TORONTO -- Provinces that adopt California's proposed standards on auto emissions will find the supply of vehicles severely restricted, senior executives of auto makers in Canada warned yesterday.
And it won't only be the gas-guzzling sport utility vehicles - the bane of environmentalists - that are choked off. The supply of all vehicles will suffer, said Reid Bigland, president of Chrysler Canada Inc.
"You're going to have reduced selection of products and they're going to have increased costs," Mr. Bigland said in an interview at the Canadian International Auto Show in Toronto.
His comments were echoed by executives from General Motors of Canada Ltd., Honda Canada Inc. and Toyota Canada Inc. as several provinces consider adopting California's emissions rules, which are more restrictive and come into play sooner than the U.S. federal government regulations approved last year that Canada has said it will match.
The California regulations are scheduled to be phased in from 2011 to 2016 - compared with 2020 for the federal U.S. and Canadian standards.
They are estimated to translate into fuel economy of 43 miles per gallon (69 kilometres), compared with a 35-mile-per-gallon level adopted by Washington and Ottawa. The figures represent an average for vehicles produced by any single manufacturers. As a result, the auto makers may hold back offering certain vehicles for sale in some markets, especially if those markets adopt California standards, to keep their average MPG down.
Quebec is well down the road to adopting the more restrictive California rules and British Columbia said Tuesday in a Throne Speech that it will also move in that direction.
"To further reduce transportation-related emissions, this legislature will be asked to adopt new California-equivalent vehicle tailpipe emission standards, in tandem with California and a number of other states and provinces," the speech said. Manitoba and Nova Scotia would also like to adopt the stricter rules, auto industry officials said.
Environmental groups have criticized the new U.S. and Canadian standards as being inadequate, and regard the stricter California rules as the minimum action necessary to help reduce greenhouse gases emitted by automobiles.
Mr. Bigland glanced at a green Dodge Viper behind him on the floor of the auto show and acknowledged that Chrysler would not be able to sell the super sports car in any province that adopts the California rules.
Canada represents just 2 per cent of the global vehicle market and single provinces are an even smaller fraction, Mr. Bigland said, noting that "if you think we can dictate the world standard, it's just not going to happen."
By the 2011 start date for the phase-in of the California rules, "the majority of cars and sport utility vehicles that we sell now would just not be available," said David Paterson, vice-president of corporate and environmental affairs for GM Canada.
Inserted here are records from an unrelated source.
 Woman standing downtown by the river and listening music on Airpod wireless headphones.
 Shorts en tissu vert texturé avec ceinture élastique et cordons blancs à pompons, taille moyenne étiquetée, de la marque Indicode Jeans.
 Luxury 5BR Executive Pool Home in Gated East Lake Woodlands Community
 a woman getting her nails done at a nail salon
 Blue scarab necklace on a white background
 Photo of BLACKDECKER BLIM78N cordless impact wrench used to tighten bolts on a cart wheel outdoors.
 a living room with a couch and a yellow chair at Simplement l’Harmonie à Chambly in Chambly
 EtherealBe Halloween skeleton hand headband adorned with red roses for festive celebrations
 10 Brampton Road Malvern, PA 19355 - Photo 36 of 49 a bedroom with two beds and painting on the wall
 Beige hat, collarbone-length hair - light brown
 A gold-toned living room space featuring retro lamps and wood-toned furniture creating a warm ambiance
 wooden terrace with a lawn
The Chevrolet Volt electric vehicle that General Motors Corp. is aims to have on the market by 2010 would be one vehicle that GM could sell, he said.
Meeting the U.S. and Canadian standard of 35 miles per gallon by 2020 will be difficult enough, Mr. Paterson and other executives said. The fuel economy of GM's existing subcompacts isn't that high, he added.
What gives the auto makers some hope is that California's effort to have separate standards, which is backed by some 20 other U.S. states, is tied up in the courts at the moment.
But Jim Miller, executive vice-president of Honda Canada Inc., cautioned that all three leading contenders to replace U.S. President George W. Bush have said they support the California regulations.
Consumers in provinces where choice is restricted will simply buy their vehicles in a neighbouring province or in the U.S., industry officials said, noting how Canadians flooded over the border to buy cheaper U.S. cars and trucks last fall when the loonie hit parity with the greenback.